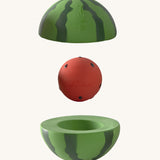 Oli & Carol watermelon stacking toy rattle ball available at Babipur. Showing the 2 halves with the core. 
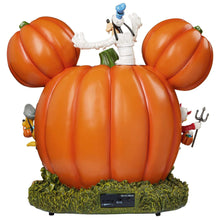 Orange pumpkin-house display with character on top and green grass base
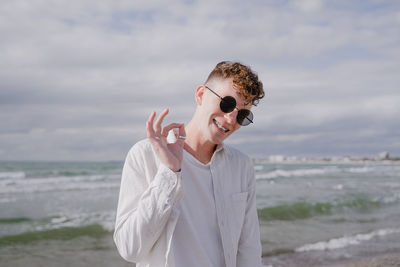 Young guy in braces with round sunglasses at the sea shows okay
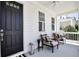 Inviting front porch with neutral chairs, a black door, and views of the serene neighborhood at 1101 Rush Ct, Celebration, FL 34747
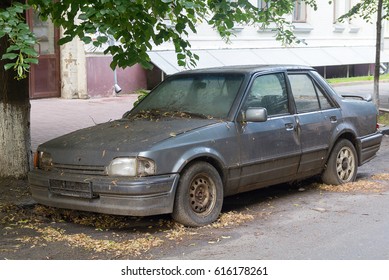 Rusty abandoned car on a city street - Shutterstock ID 616178261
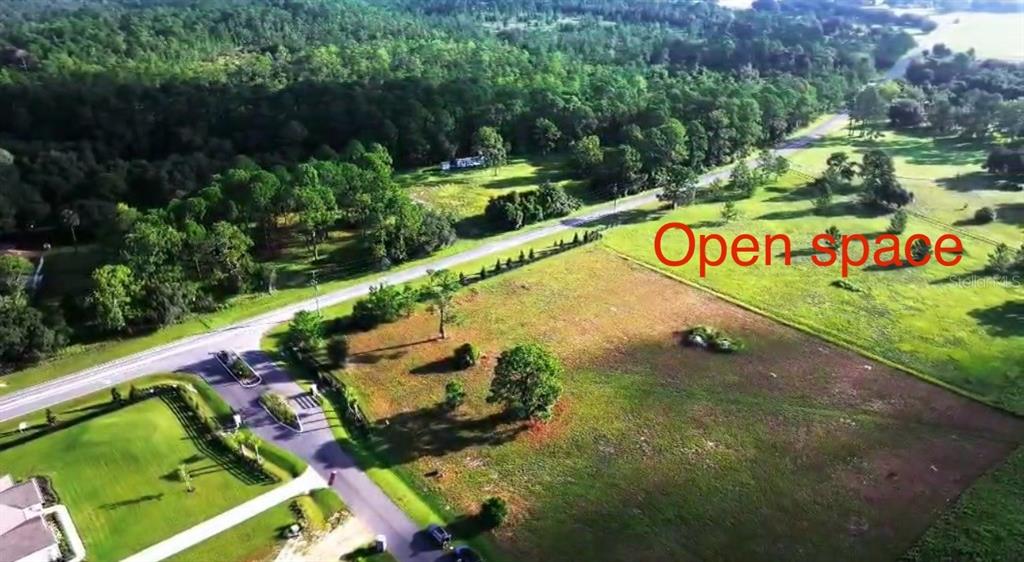Ranch Gate Boulevard Umatilla, FL 32784 - Photo 4 of 33 a view of a street with a park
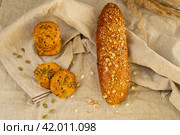 Печенье круглое домашнее злаковое постное, багет зерновой на кухонном льняном полотенце. Стоковое фото, фотограф Оксана Шведкова / Фотобанк Лори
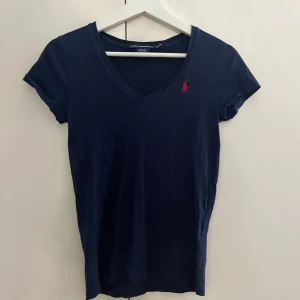 Mörkblå t-shirt från Ralph Lauren - Säljer en snygg mörkblå t-shirt från Ralph Lauren med en klassisk v-ringning. Den är i storlek xs. Den har en liten röd logga på bröstet som ger en stilren touch. Perfekt för både vardag och fest!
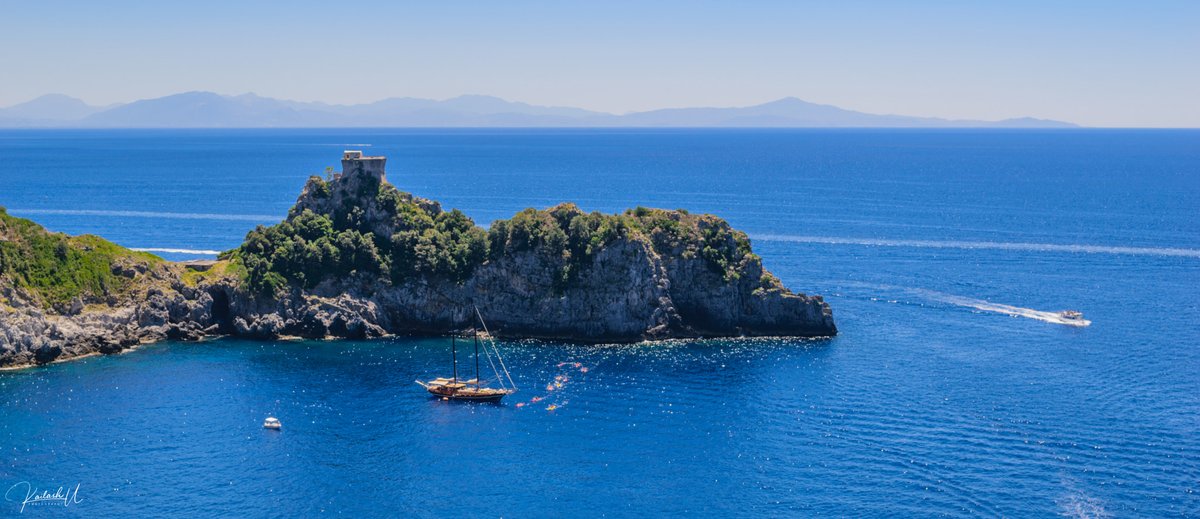 Scenic view of Amalfi Coast with colorful houses on cliffs and blue sea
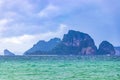 Tropical paradise turquoise water beach and limestone rocks Krabi Thailand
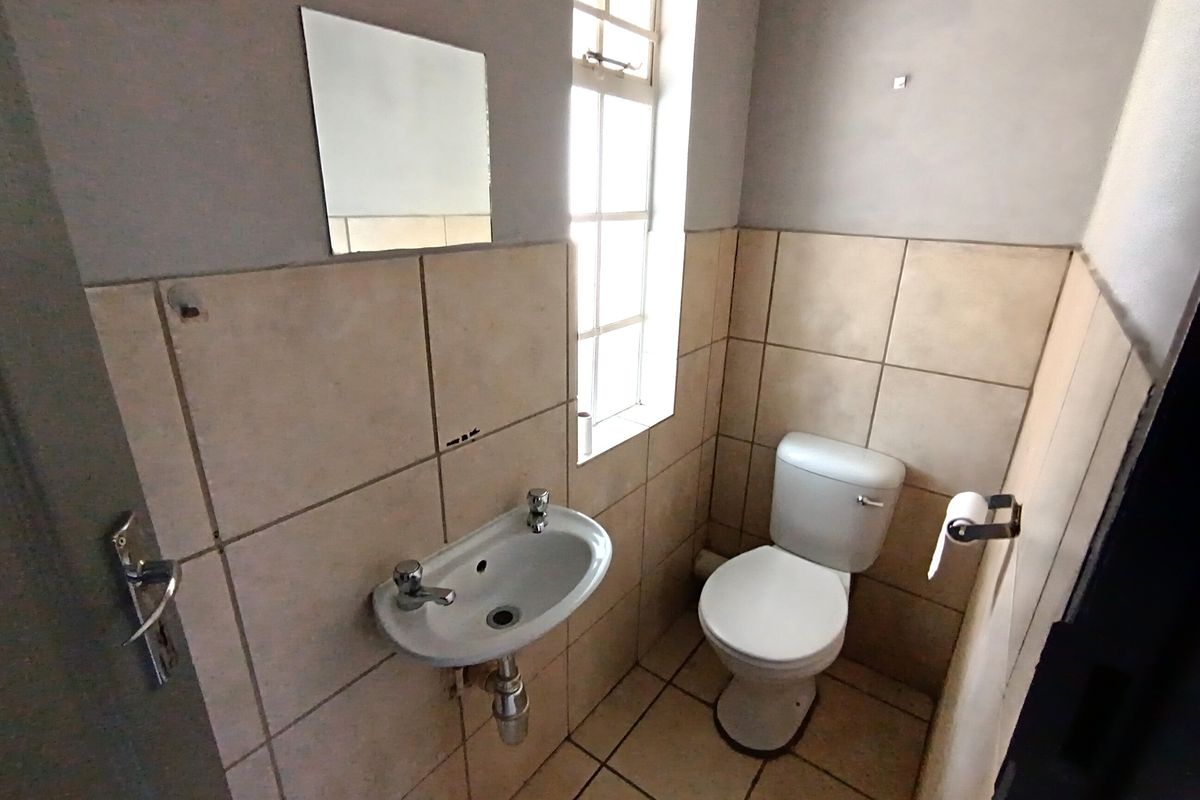 A compact guest bathroom featuring a wall-mounted basin, a standard toilet, and tiled walls and flooring.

***

Only an exact copy of the lines from the top of the entries through the line with "Young guy in", both included, should be given, with all pictures omitted.

▶ **Answer section**
 Oli & Carol watermelon stacking toy rattle ball available at Babipur. Showing the 2 halves with the core. 
 Orange pumpkin-house display with character on top and green grass base
 Young guy in braces with round sunglasses at the sea shows okay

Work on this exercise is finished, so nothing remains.